In verse 19, the prayer is that we would know the length and breadth and height and depth of Christ’s love for us – that is, how broad, how long, how high and how deep it is. These are the four dimensions of God’s love that the writer prays we might understand. As we consider them in our minds, may they also penetrate our hearts.
God’s love is so wide, it encompasses and embraces everyone. It is so long and long-lasting that it will never, ever let us go. It is so high and of such a high-quality that it will never let us down. And it is so deep that it reaches even to those places that we thought were too dark or way beyond reach. It reaches to the deepest parts of our being.
Some of us are more open than others. Some of us reveal ourselves more freely than others. But all of us have locked closets and dark corners where we don’t even like to peek ourselves, let alone have anybody else take a look. These are places that we have shut off from the light of day; from the light of the love of even those who are closest to us. We do this mostly because we’re afraid that if someone sees those deep down ugly parts of us, they won’t love us anymore.

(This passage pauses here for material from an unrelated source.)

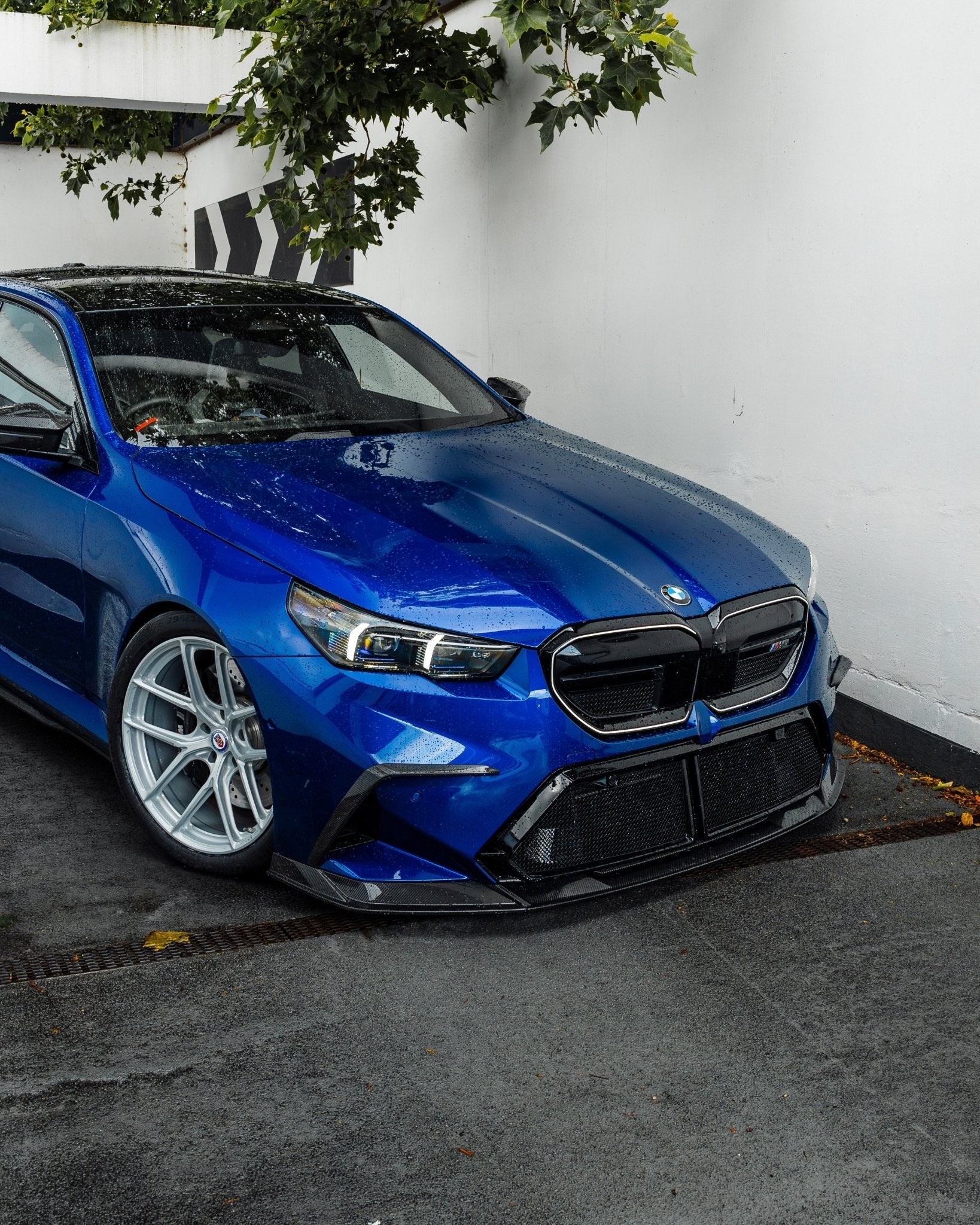 TRE BMW M5 G90 G99 Pre-Preg Carbon Fibre PR-1 Front Lip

And we just can’t risk that. But God’s love is deeper than our deepest secrets. It can penetrate the darkness of our worst fears. It can clean out the closets of sin or despair or self-hatred.
God’s love is so wide that it embraces everyone; it is so long-lasting that it will never let us go; it is of such a high-quality that it will never let us down; and it is deep enough to meet our deepest needs.
God wants us to know how wide and how long and how high and how deep that love is for us. Do you have any idea how much God loves you? That’s not a platitude. God does indeed love you! But do you know it? Do you really know it? That is my prayer for you today. That is my prayer for Smithville United Methodist Church – that you know that you are loved; that you indeed know God’s love in the very depths and core of your being.
I love you, but most importantly, God loves you, and my prayer is that you know it.
Amen.
And to my faithful blog readers … until next time, peace …
So great, Robin. There were many tears at HUMC today too, tears of love for our pastor, whose stay with us was about as brief as yours. Except for me. I didn’t cry. I thought I would, but I didn’t. I just think I was too mad to cry. I continue to pray for both you and our own pastor, that in His perfect will, you will find peace and great joy.